History

United States
- Namesake: USS Helenita
- Owner: Marine Aviation Corps
- Laid down: date unknown
- Acquired: by the Navy in 1919
- In service: February 1919
- Out of service: August 1919
- Stricken: not known
- Home port: Norfolk, Virginia
- Fate: Loaned to the City of Norfolk, Virginia, Department of Public Safety; later sold on 22 June 1923

General characteristics
- Type: Motorboat
- Displacement: not known
- Length: 45 ft (14 m)
- Beam: 11 ft 8 in (3.56 m)
- Draft: not known
- Propulsion: not known
- Speed: not known
- Complement: not known
- Armament: not known

= USS Helenita (YP-2230) =

USS Helenita (YP-2230) was a motorboat acquired by the U.S. Navy during World War I. She was configured as a district patrol craft, and was used to patrol the Norfolk, Virginia, waterways. She was then loaned to the city of Norfolk before eventually being sold as excess to needs.
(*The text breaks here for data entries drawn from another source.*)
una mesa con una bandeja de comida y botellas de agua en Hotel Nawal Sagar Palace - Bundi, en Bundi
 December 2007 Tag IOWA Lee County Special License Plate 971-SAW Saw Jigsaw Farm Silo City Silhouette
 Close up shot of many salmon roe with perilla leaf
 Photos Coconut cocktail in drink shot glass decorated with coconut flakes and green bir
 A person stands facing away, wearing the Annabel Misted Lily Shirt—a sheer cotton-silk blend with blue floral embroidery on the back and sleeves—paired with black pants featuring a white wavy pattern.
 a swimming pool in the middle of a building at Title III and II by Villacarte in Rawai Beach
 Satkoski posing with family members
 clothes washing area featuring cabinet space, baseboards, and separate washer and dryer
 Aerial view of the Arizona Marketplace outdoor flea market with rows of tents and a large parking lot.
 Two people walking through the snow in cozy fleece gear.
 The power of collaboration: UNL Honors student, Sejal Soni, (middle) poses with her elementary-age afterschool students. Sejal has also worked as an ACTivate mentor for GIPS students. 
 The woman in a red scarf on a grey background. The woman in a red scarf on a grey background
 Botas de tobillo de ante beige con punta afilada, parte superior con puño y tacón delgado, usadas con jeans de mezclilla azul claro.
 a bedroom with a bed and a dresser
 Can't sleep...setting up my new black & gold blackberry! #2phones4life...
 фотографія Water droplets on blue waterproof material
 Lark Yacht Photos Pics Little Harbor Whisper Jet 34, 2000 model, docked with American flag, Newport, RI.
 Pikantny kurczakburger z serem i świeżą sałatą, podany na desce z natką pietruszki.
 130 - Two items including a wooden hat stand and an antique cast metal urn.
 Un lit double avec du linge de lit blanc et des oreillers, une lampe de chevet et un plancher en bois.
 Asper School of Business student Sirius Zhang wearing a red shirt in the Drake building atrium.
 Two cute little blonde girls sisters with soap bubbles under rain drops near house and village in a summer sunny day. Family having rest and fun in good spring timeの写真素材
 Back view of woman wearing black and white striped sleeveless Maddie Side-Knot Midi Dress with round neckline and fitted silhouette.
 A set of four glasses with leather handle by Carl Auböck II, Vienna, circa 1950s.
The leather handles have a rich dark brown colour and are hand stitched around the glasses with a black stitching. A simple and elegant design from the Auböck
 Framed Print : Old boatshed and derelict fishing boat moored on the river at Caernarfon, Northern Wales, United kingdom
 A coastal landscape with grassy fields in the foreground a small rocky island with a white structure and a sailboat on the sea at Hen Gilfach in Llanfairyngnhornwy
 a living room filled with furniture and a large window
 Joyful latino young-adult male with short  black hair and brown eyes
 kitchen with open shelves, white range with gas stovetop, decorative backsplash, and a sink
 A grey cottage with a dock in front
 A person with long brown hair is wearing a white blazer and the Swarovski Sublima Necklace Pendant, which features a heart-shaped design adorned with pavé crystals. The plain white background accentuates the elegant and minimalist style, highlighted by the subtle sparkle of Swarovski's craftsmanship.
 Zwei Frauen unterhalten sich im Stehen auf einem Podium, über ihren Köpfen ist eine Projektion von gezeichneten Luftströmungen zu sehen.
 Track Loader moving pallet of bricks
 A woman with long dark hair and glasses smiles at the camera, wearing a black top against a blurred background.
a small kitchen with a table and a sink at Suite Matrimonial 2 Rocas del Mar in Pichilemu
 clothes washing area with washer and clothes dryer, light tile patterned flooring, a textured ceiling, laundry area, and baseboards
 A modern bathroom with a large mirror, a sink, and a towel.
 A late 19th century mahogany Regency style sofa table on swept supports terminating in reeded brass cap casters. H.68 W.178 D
== Built as a motorboat ==

The second military vessel to be so named by the U.S. Navy, Helenita was a small wooden motor boat acquired by the Navy in 1919, probably from the Marine Aviation Corps.

== World War I service ==

She was used as a district patrol craft in the 5th Naval District, Norfolk, Virginia, from February to August 1919.

== On loan to Norfolk, Virginia ==

In August 1919 she was transferred to the City of Norfolk, Virginia, Department of Public Safety. Transferred 30 August, Helenita served the city until 1 December 1922, when she was returned to the Navy at Norfolk.

== Final disposition ==

She was finally sold to H. W. Bleckley, Milwaukee, Wisconsin, 22 June 1923.